TASK DIRECTIONS
The answer is the full listing below, copied exactly, with its pictures omitted.

RECORDS PROVIDED
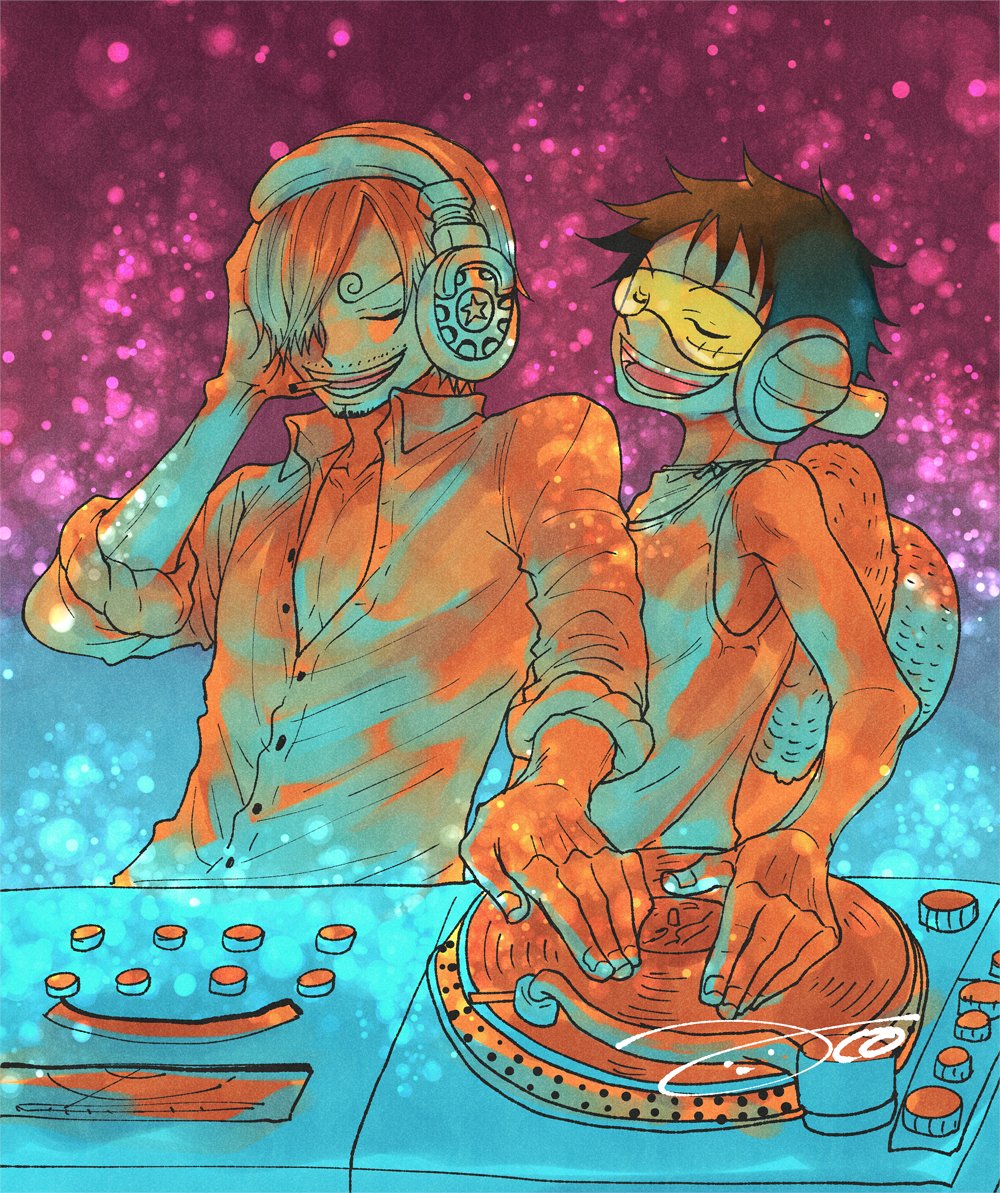 2boys aco_peda black_hair blue_background cigar closed_eyes collared_shirt commentary_request curly_eyebrows dj facial_hair goatee gradient_background hair_over_one_eye hat headphones monkey_d._luffy multiple_boys mustache_stubble one_piece open_mouth phonograph purple_background sanji_(one_piece) scar scar_on_face shirt short_hair signature straw_hat stubble sunglasses tank_top turntable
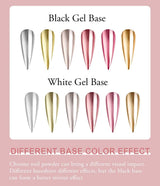 BISHENGYF Rose Gold Chrome Nail PowderNouvelle mise à niveau Grosse Kapazitä Chrom PulverSuper-Spiegeleffekt Metall Mirror Chrome Powder – Neon Glassy Pearl Effect Glitter Nail Art Pulver pour DIY Salon
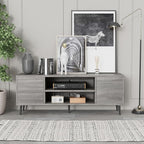 JUMMICO TV Stand for 65 Inch TV, Mid Century Modern TV Stand, Entertainment - Image 7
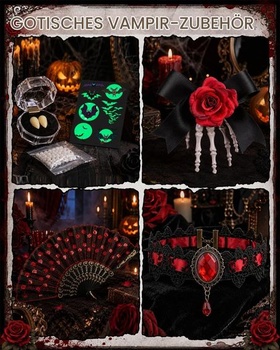 Detský upírsky kostým, halloweensky kostým pre dievčatá s upírskymi zubami a vejárom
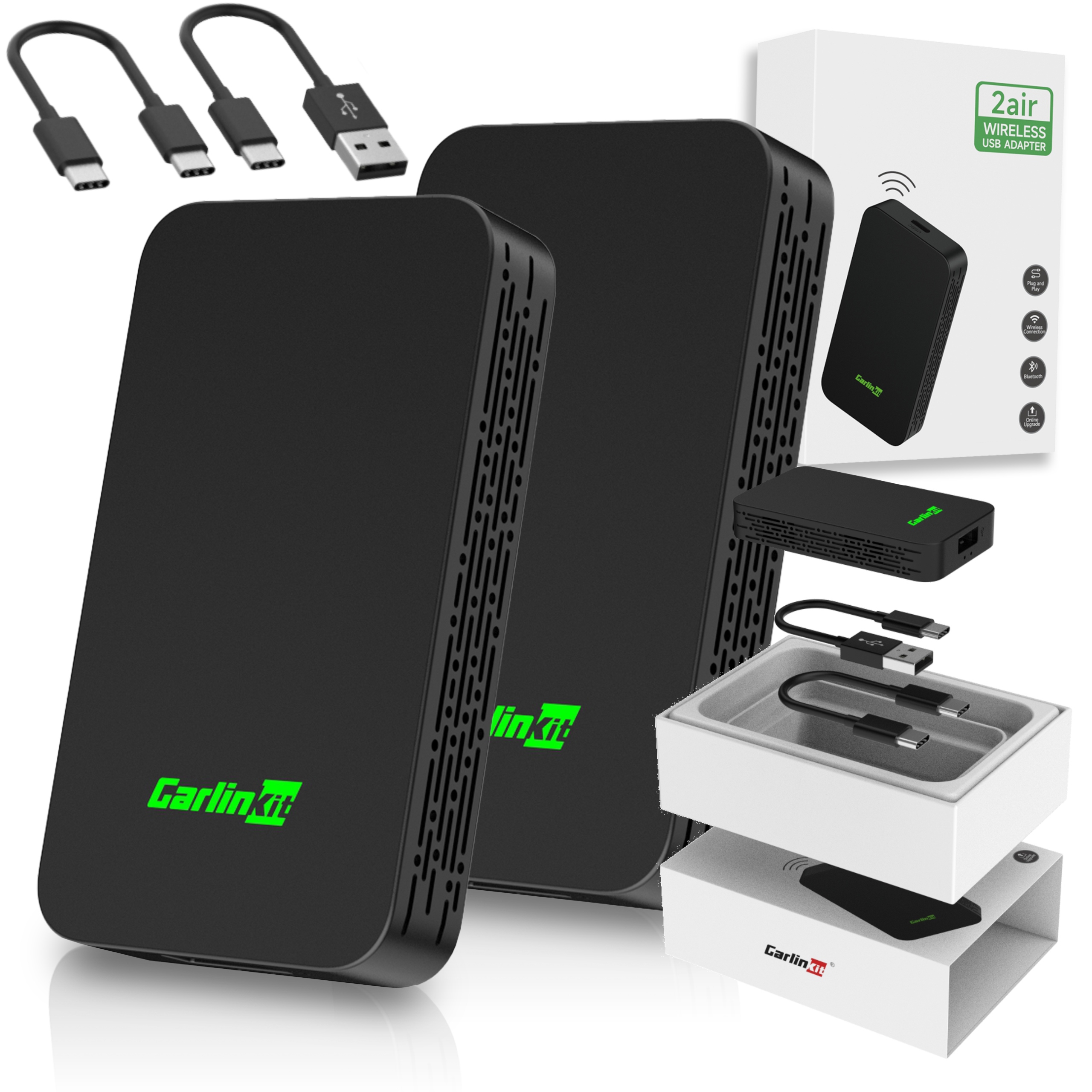 2 Kusy Adaptér Carlink 5.0 Apple Carplay Android Auto Bezdrátový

YOUR SOLUTION
 2boys aco_peda black_hair blue_background cigar closed_eyes collared_shirt commentary_request curly_eyebrows dj facial_hair goatee gradient_background hair_over_one_eye hat headphones monkey_d._luffy multiple_boys mustache_stubble one_piece open_mouth phonograph purple_background sanji_(one_piece) scar scar_on_face shirt short_hair signature straw_hat stubble sunglasses tank_top turntable
 BISHENGYF Rose Gold Chrome Nail PowderNouvelle mise à niveau Grosse Kapazitä Chrom PulverSuper-Spiegeleffekt Metall Mirror Chrome Powder – Neon Glassy Pearl Effect Glitter Nail Art Pulver pour DIY Salon
 JUMMICO TV Stand for 65 Inch TV, Mid Century Modern TV Stand, Entertainment - Image 7
 Detský upírsky kostým, halloweensky kostým pre dievčatá s upírskymi zubami a vejárom
 2 Kusy Adaptér Carlink 5.0 Apple Carplay Android Auto Bezdrátový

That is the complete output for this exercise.